Its vast transmission network wheels more than 45 per cent of the power in the country. The availability of this huge transmission network is consistently maintained over 99 per cent through deployment of state-of-the-art operation and maintenance techniques at par with global standards.

PGCIL has emerged as a strong player in South Asia and is playing an active role in formation of a strong South Asian Association for Regional Cooperation (SAARC) grid for effective utilisation of resources for mutual benefits. Presently, various electrical interconnections exist between India & Bhutan, India & Nepal and India & Bangladesh and these inter-connections are further being strengthened for substantial exchange of power across the borders. The corporation is also offering consultancy services to various National clients & International clients, including many South Asian, African, and Middle East countries.

As on June 30, 2017, Power Grid owns & operates around 1,40,723 ckm of Extra High Voltage (EHV) transmission lines spread over the length and breadth of the country.

For the quarter ended in June 2017, Power Grid Corporation of India witnessed operating performance in line with estimate with 17 per cent revenue growth.

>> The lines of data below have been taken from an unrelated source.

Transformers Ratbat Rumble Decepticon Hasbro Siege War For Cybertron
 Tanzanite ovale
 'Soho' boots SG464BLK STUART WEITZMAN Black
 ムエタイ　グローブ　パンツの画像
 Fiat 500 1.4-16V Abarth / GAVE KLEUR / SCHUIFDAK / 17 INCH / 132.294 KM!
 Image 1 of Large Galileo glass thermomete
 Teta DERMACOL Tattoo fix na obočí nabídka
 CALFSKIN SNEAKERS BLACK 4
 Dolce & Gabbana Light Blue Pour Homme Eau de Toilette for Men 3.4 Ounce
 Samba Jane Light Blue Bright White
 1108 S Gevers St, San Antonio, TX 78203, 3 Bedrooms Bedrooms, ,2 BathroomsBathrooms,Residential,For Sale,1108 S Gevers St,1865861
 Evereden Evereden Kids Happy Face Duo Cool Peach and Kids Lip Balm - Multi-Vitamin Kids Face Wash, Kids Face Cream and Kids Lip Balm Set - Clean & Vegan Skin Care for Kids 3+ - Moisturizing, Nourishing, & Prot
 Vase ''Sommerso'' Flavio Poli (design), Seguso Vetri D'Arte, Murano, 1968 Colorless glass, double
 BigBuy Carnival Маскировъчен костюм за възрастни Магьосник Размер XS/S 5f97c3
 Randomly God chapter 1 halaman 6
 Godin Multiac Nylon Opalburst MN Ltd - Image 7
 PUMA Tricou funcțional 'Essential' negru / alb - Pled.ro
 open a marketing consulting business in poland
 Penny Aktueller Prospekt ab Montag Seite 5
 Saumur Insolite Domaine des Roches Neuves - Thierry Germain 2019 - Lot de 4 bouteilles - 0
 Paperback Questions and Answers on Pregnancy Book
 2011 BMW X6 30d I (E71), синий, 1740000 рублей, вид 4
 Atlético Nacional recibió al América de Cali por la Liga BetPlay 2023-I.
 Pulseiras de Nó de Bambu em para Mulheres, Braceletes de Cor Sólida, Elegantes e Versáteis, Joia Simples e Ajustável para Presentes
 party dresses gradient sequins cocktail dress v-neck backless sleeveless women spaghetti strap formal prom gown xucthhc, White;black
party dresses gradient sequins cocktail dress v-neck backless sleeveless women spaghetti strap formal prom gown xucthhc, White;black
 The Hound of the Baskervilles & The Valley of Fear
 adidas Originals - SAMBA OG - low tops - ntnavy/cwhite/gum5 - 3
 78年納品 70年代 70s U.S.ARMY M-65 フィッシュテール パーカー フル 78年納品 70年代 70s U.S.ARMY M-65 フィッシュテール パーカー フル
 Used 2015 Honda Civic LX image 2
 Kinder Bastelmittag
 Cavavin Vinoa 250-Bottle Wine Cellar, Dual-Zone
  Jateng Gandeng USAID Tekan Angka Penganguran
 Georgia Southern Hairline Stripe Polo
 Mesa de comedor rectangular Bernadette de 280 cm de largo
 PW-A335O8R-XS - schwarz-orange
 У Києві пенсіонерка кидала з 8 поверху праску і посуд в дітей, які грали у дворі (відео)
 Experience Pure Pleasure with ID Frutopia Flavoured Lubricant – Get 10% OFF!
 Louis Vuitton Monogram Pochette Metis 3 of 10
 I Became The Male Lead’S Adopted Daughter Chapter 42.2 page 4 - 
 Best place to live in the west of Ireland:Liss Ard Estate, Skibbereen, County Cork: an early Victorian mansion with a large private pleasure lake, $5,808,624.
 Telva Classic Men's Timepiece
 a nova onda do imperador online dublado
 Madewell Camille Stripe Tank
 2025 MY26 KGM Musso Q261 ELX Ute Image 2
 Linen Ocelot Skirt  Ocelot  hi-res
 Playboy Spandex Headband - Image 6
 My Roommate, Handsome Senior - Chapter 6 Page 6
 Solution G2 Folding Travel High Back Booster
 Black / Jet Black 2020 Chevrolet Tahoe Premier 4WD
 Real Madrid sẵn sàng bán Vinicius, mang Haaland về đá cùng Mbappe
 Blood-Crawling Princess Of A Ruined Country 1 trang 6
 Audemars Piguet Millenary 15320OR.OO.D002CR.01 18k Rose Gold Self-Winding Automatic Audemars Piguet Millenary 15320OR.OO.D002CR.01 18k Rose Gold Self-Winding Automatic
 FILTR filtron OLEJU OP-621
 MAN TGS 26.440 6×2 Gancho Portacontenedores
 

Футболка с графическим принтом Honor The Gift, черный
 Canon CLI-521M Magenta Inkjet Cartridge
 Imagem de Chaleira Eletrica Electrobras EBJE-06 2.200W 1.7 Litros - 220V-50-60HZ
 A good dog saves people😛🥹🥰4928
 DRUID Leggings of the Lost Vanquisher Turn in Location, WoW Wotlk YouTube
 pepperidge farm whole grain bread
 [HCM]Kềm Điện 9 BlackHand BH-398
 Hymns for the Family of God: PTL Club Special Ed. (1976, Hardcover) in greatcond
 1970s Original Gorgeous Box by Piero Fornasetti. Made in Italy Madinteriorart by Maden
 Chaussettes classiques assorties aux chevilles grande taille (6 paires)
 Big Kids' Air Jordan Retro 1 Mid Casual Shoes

Consultancy and telecom: Robust performance sustained

PGCIL’s consultancy business in terms of revenue surged 74 per cent versus previous sequential year and got 28 new orders where as the revenue of telecom business revenue jumped a healthy 28 per cent year on year and bagged 38 new orders, during the first quarter of 2018.

The management continues to be optimistic on the expanding telecom and consultancy businesses.

The core regulated income stood at Rs 1700 crore up 8 per cent on year on year (YoY) basis and the core regulated equity increased by 20 per cent YoY and stands at Rs 46,400 crore. This implied annualised return on equity (RoE) plummeted by 1.6 per cent to 14.7 per cent for first quarter of 2018.

Intact capital expenditure guidance

The management has continued to guide for healthy capex of Rs 25,000 crore in fiscal 2018. Guidance of Rs 81,000 crore capex over the next three and a half years implies annualised capital expenditure of Rs 25,000 crore for the next three to four years. The capex for fiscal 2018 and 2019 is also estimated at Rs 25,000 crore each, which translates into capitalisation ratio of 1.26 times and 1.3 times, respectively.

Nonetheless, first half of 2018 is normally slow with respect to capitalisation of assets; the company clocked 44 per cent growth in the same in first quarter of 2018. The robust capitalization stood at Rs 3,500 crore. PGCIL can sustain high capitalisation ratio at more than 1.25 times over the next two to three years driven by stepped‐up focus on commissioning.

Investment Premise for PGCIL

Growth visibility: The company has met its Eleventh Five Year capital expenditure (capex) Plan of Rs 55,000 crore for its various transmission projects. Of these close to 60 per cent are for strengthening the overall grid capacity and the balance 40 per cent is generation linked.

There is a certain growth visibility on the capex program and in turn earnings growth. The 12th Plan target for capex is touted to be Rs one hundred thousand crore. PGCIL has been consistently delivering 20 to 25 per cent profit growth every quarter driven by its capex.

Reversal in the current trend of capex and telecom earnings

The overall earnings growth will be significant given the company scales up its internal accruals through superior earnings from telecom which would be invested in power business.

Over the upcoming 2017-19, regulated equity will post 20 per cent plus CAGR even on a higher base; and unlike the generation segment, core RoE is not contingent on utilization or power demand growth in the system.

The strong capital expenditure visibility, reasonable capitalization ratio of 1.3 times and steady regulated RoE of 15.5 to 16.0 per cent make PGCIL a good cash proxy with steady returns. The key measurable is RoE that PGCIL can earn in the intensely competitive tariff-based competitive bidding (TBCB) projects. The increasing proportion of TBCB based biddings needs to be monitored closely.

Risks faced by Power Grid

Telecom scale up: There is delay in the scaling up of PGCIL’s transmission towers as its telecom towers. The company’s strategy of leveraging its transmission towers as telecom towers has not scaled up yet.

Funding issues: Under the norm of 70:30 proportion of debt:equity, Power Grid corporation is by its limited retained earnings in undertaking significant capital expenditure programme. Although the company could raise the threshold to 75 per cent debt and 25 per cent equity to meet its XII Plan target but the earnings will continue to be on the actual equity deployed.

Delay in capex; dependent on generation capacity growth

About 40 to 50 per cent of the total capital of Power Grids is heavily dependent on the capacity addition of its associated generation projects. Any delay in these generation assets will cascade to a delay in the corporation’s project execution slowing its pace of growth. In case, there are delays in escalation in project costs, delay in commissioning of generation projects, and long gestation periods could impact profitability, and will not be compensated through tariffs.